Eventually from reading updates on news websites we heard that there was the second shooting in Norris.
At 10:53 we got an email that said “In addition to an earlier shooting today in West Ambler Johnston, there has been a multiple shooting with multiple victims in Norris Hall.
Police and EMS are on the scene. Police have one shooter in custody and as part of routine police procedure, they continue to search for a second shooter. All people in university buildings are required to stay inside until further notice. All entrances to campus are closed.”

At 12:30 we were allowed to go home, however without the buses running it was difficult- many of us carpooled (I live just off campus) with others that had driven to class today.

The whole thing has been surreal and not knowing exactly what was going on was nerve-wracking. I received so many phone calls, messages, IM’s all afternoon. I called my mom right when I found out about the first incident, however other than that many phone calls haven’t been going through due to the amount of people on the phones.


As far as I know all of my friends are safe, from what we’ve heard all of the students at the campus ministry that I attend have been accounted for, though I can’t say that we will know for sure for awhile.

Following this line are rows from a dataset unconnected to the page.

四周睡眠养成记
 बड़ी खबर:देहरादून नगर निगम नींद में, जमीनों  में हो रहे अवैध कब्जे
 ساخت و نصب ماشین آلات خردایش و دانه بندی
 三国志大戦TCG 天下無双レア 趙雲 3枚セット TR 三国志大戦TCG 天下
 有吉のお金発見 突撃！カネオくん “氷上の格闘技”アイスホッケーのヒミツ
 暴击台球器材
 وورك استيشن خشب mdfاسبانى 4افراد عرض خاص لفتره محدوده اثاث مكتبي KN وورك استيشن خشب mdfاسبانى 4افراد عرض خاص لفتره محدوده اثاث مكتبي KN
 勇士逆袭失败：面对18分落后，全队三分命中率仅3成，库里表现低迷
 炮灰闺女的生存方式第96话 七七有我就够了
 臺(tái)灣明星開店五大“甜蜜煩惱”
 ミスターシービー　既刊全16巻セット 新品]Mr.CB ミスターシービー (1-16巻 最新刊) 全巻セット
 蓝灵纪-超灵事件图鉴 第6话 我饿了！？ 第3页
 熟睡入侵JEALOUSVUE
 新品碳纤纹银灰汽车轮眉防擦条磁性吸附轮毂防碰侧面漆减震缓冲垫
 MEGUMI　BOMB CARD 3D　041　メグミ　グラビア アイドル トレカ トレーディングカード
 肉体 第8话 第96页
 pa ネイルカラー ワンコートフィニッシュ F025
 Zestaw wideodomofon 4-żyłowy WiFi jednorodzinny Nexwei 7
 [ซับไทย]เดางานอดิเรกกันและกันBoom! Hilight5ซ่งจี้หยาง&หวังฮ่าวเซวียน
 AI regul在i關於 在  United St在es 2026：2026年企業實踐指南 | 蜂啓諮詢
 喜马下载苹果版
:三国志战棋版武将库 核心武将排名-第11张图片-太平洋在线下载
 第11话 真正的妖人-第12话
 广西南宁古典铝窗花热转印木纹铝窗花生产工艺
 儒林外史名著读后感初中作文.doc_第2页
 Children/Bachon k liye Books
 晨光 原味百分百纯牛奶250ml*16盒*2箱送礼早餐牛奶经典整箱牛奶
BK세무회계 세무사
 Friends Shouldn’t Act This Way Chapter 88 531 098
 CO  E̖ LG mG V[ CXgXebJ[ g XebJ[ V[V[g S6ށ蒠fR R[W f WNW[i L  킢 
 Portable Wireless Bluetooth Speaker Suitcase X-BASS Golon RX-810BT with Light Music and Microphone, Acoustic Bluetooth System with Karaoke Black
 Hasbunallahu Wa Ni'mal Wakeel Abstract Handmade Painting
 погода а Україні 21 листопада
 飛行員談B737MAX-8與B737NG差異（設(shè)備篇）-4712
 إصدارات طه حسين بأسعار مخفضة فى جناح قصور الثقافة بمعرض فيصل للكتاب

It was ridiculous. I can't even explain it. Not knowing if there was still someone running around shooting, WHY they were shooting, WHO they were shooting. When we were leaving campus to go home, I got a ride with another girl in my studio.. we still weren't sure what was going on and we had to RUN across campus to get in a car. There wasn't cell phone service because EVERYONE was on the phone.


It wasn't until the next day that we actually knew the extent of what happened. We had a ceremony in the basketball stadium to pray and gather. We still didn't know names of victims, but there was just a huge need to be with other Hokies.. other people who understood what we were (or weren't) feeling.

we waited in line outside of cassell for an hour or so, and then another hour or so inside. and there were thousands who couldnt get in and started to fill the football stadium. in the middle of the ceremony after one speaker recited a poem "we are virginia tech", about how we will move on and persevere, everyone gave her a standing ovation, and then started our football cheer "lets go hokies". yes i am a big nerd, but it made me cry. the feeling that we are hokies through it all and we are all hokies together and will always be. and that we are all in this together and the huge amount of pain caused by 33 deaths is lessened because it is shared by the 30,000 students that are here currently, the hundreds of faculty/staff, and then the enormous amount of alumni.



In the aftermath, we received so much support from so many people.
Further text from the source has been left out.